Operating Systems

Homework #3

Due: 2004/4/7

1.      Define the difference between preemptive and non-preemptive scheduling. State why strict non-preemptive scheduling is unlikely to be used in a computer center.

2.      Consider the following set of processes, with the length of the CPU-burst time given in milliseconds:

 Process Burst Time Priority P1 10 3 P2 1 1 P3 2 3 P4 1 4 P5 5 2

The processes are assumed to have arrived in the order P1, P2, P3, P4, P5, all at time 0.

a.       Draw four Gantt charts illustrating the execution of these processes using FCFS, SJF, a non-preemptive priority (a smaller priority number implies a higher priority), and RR (quantum = 1) scheduling.

b.      What is the turnaround time of each process for each of the scheduling algorithms in part a?

c.       What is the waiting time of each process for each of the scheduling algorithms in part a?
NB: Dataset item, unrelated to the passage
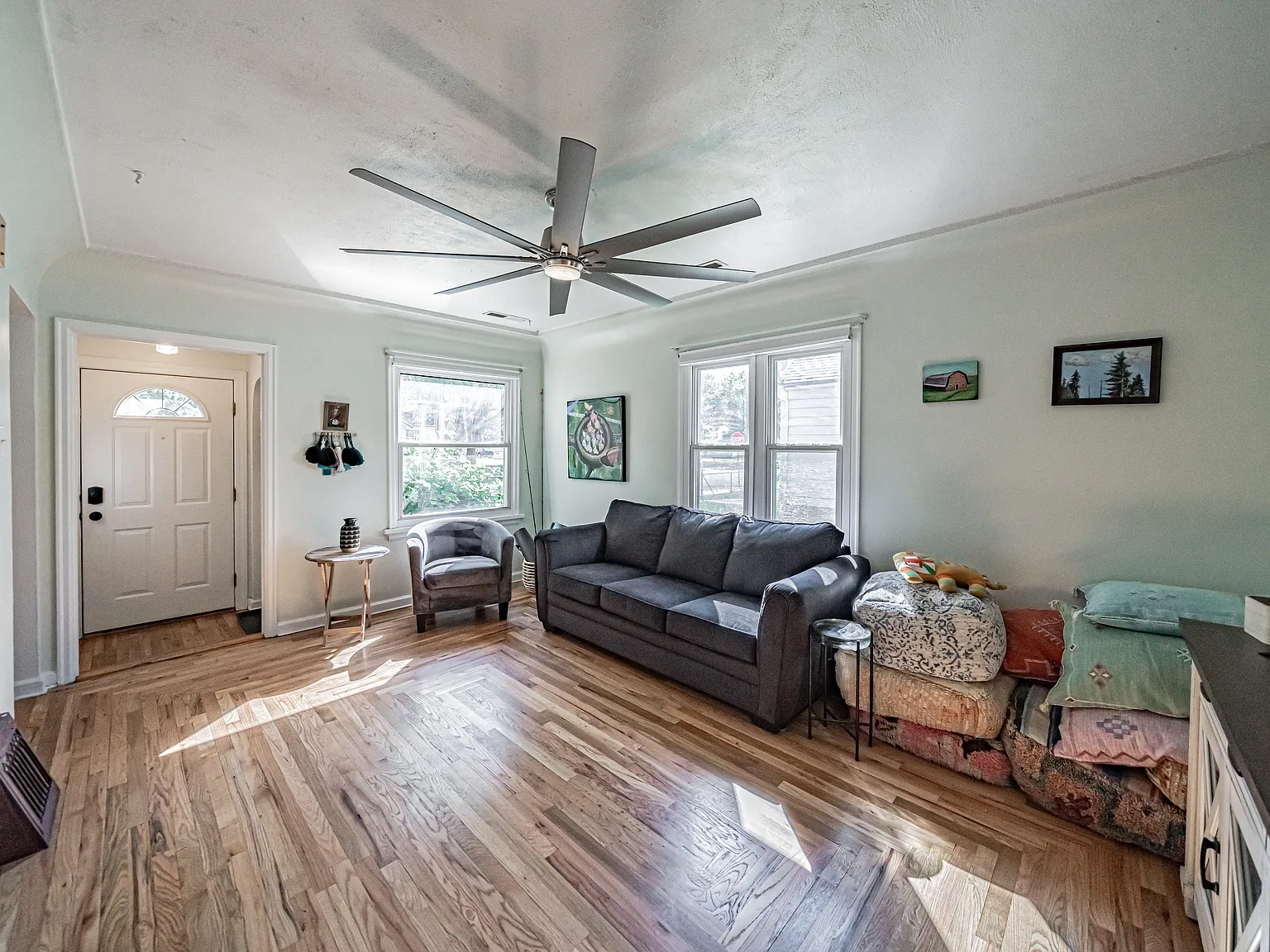 2 bed, $2,640 — Photo 2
d.      Which of the schedules in part a results in the minimal average waiting time (over all processes)?

3.      What advantage is there in having different time-quantum sizes on different levels of a multilevel queueing system?

4.      Many CPU-scheduling algorithms are parameterized. For example, the RR algorithm requires a parameter to indicate the time slice. Multilevel feedback queues require parameters to define the number of queues, the scheduling algorithms for each queue, the criteria used to move processes between queues, and so on.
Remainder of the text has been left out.